## Try it
In the entries below, find the line containing "Experţi în securitate" and the line containing "Game screenshot Farming". Copy those two lines and everything between them exactly, without the pictures.

## Entries provided
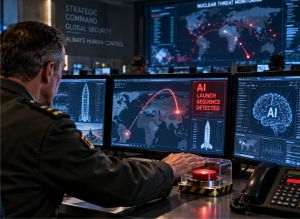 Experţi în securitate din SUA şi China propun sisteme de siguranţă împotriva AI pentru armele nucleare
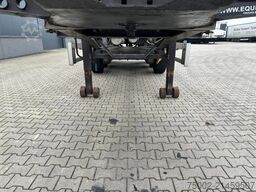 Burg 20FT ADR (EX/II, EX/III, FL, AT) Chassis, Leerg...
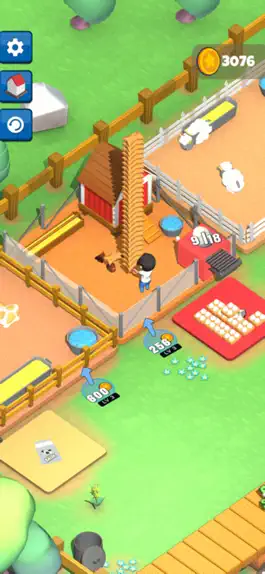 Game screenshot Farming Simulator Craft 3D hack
==
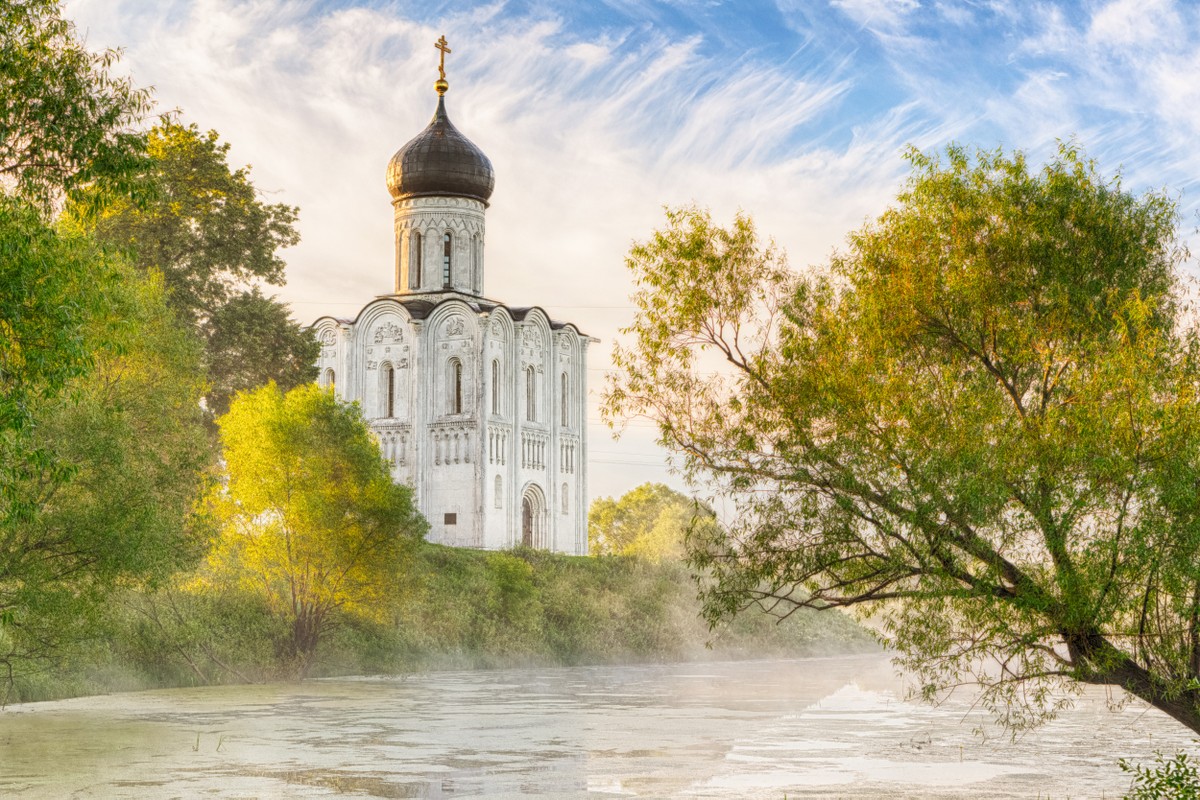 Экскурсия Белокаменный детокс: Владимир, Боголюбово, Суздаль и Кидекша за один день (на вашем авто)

## Answer for the task
 Experţi în securitate din SUA şi China propun sisteme de siguranţă împotriva AI pentru armele nucleare
 Burg 20FT ADR (EX/II, EX/III, FL, AT) Chassis, Leerg...
 Game screenshot Farming Simulator Craft 3D hack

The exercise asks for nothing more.